THE PROBLEM -
Collect the lines of the entries where "العاب" shows up.

INPUT MATERIAL -
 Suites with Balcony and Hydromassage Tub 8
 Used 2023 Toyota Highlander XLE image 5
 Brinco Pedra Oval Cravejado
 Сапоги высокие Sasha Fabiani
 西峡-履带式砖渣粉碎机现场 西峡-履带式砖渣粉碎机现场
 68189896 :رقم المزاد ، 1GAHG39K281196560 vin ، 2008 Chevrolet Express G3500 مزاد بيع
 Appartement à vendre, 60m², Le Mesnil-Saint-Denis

==

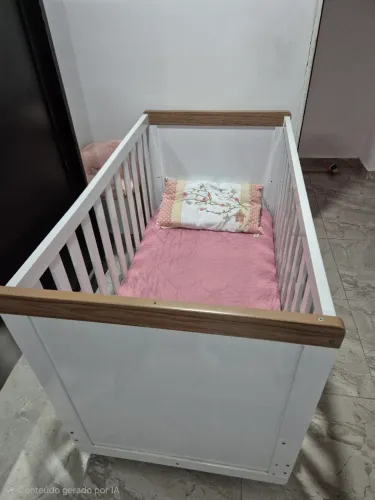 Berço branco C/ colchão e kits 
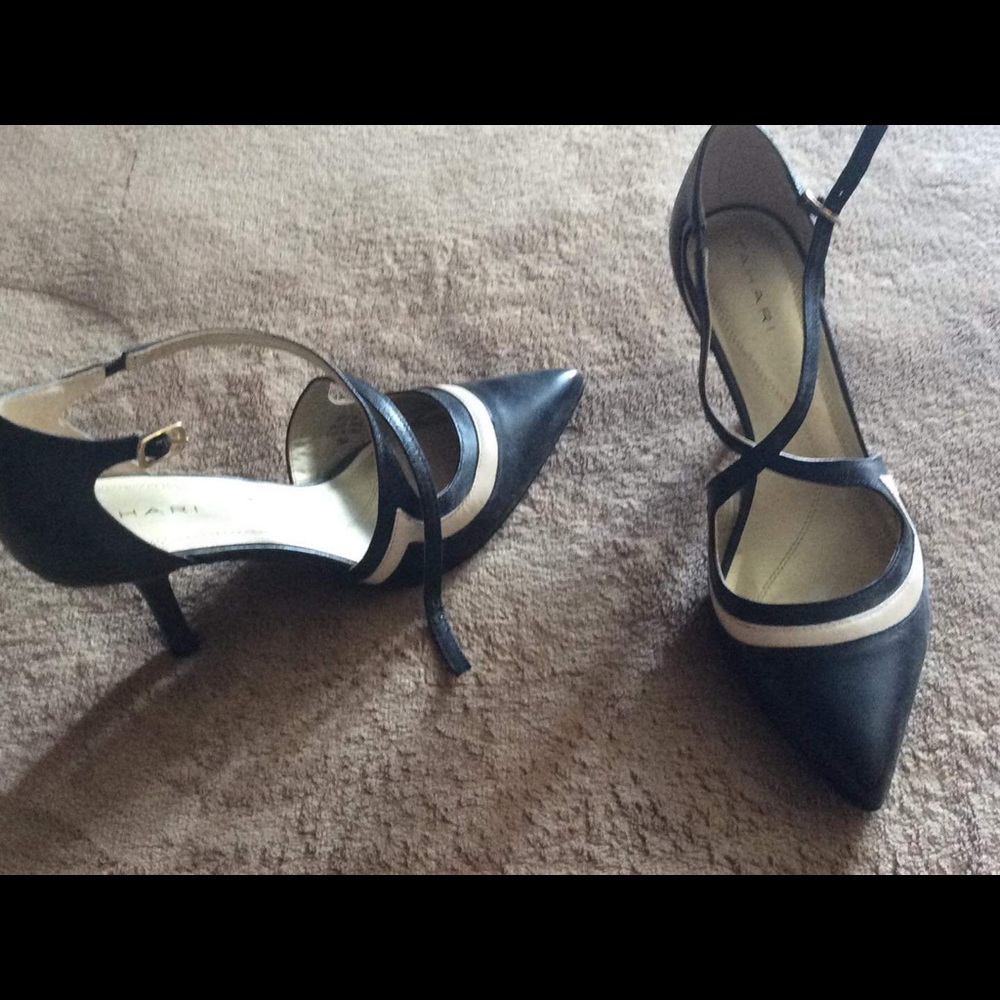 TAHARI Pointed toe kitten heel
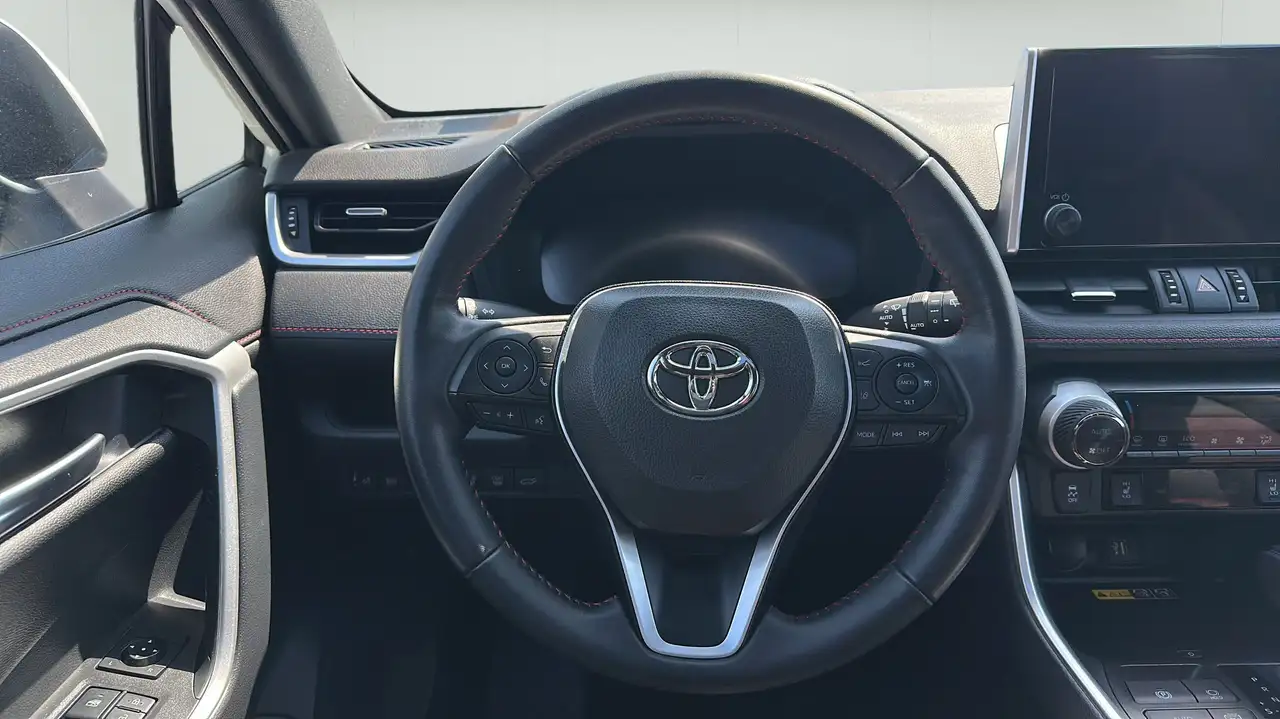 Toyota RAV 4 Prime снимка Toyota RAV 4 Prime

--

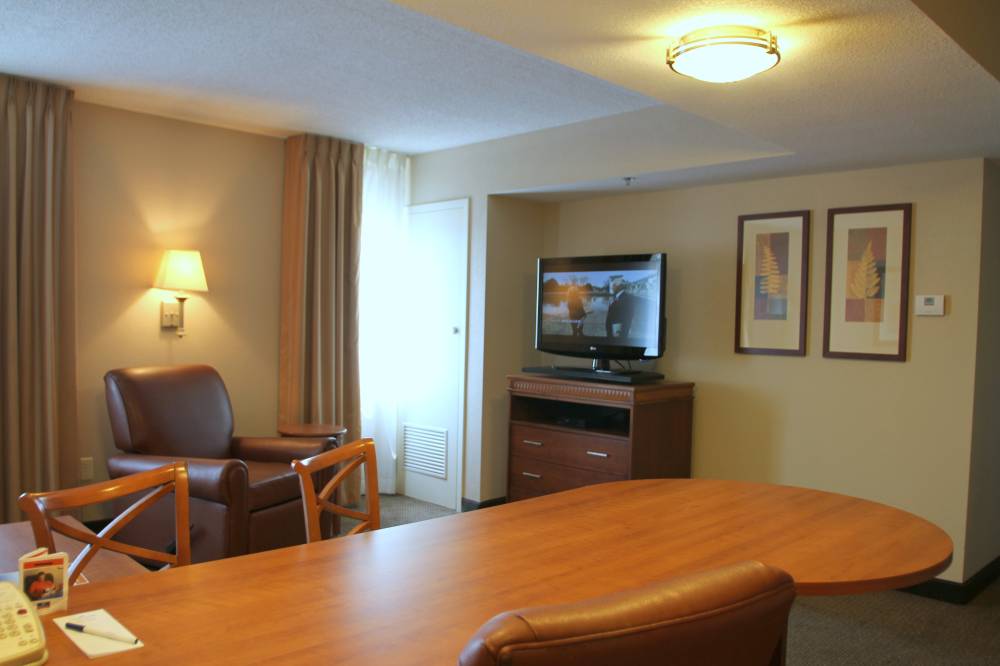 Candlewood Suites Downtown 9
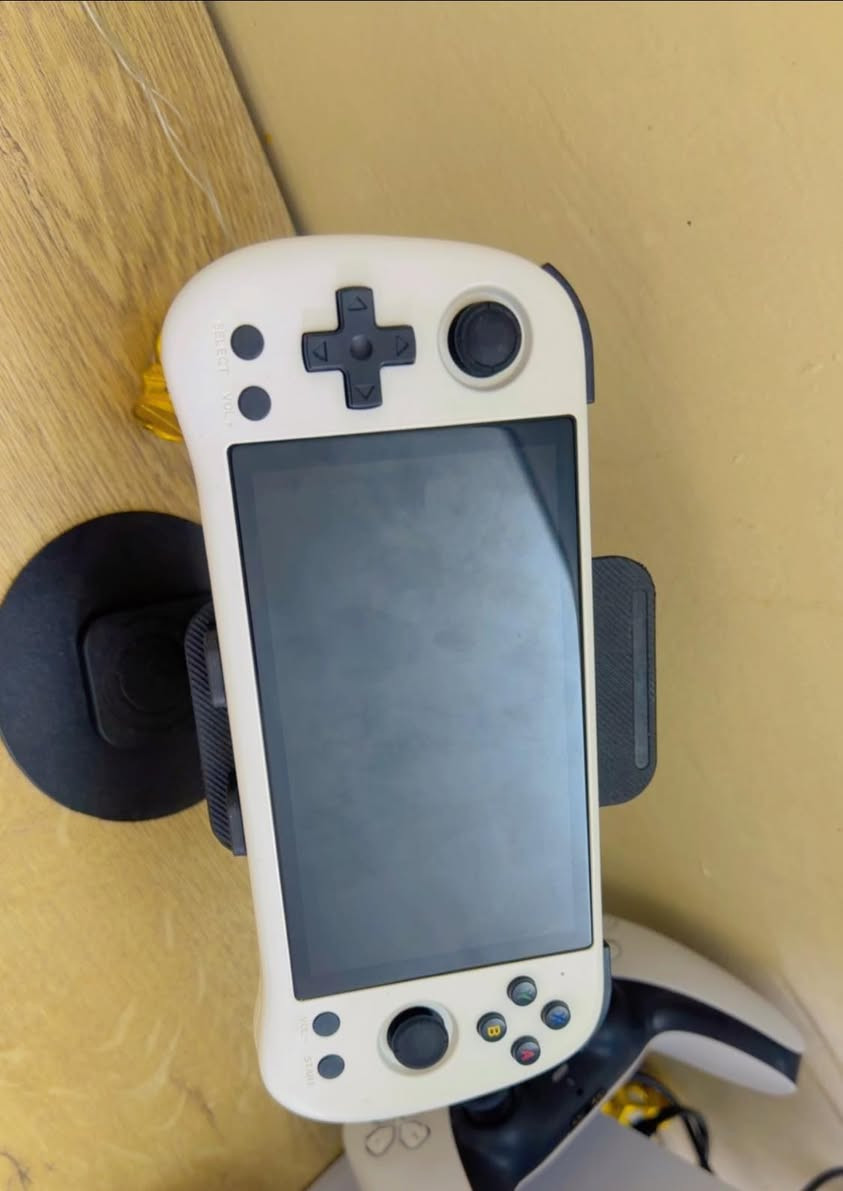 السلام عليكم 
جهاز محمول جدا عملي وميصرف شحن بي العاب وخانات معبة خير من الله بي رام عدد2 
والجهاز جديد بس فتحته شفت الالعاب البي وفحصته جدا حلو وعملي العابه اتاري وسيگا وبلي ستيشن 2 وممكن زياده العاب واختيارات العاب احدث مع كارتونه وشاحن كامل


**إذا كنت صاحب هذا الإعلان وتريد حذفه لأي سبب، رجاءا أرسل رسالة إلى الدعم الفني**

ANSWER TO THIS EXERCISE -
جهاز محمول جدا عملي وميصرف شحن بي العاب وخانات معبة خير من الله بي رام عدد2 
والجهاز جديد بس فتحته شفت الالعاب البي وفحصته جدا حلو وعملي العابه اتاري وسيگا وبلي ستيشن 2 وممكن زياده العاب واختيارات العاب احدث مع كارتونه وشاحن كامل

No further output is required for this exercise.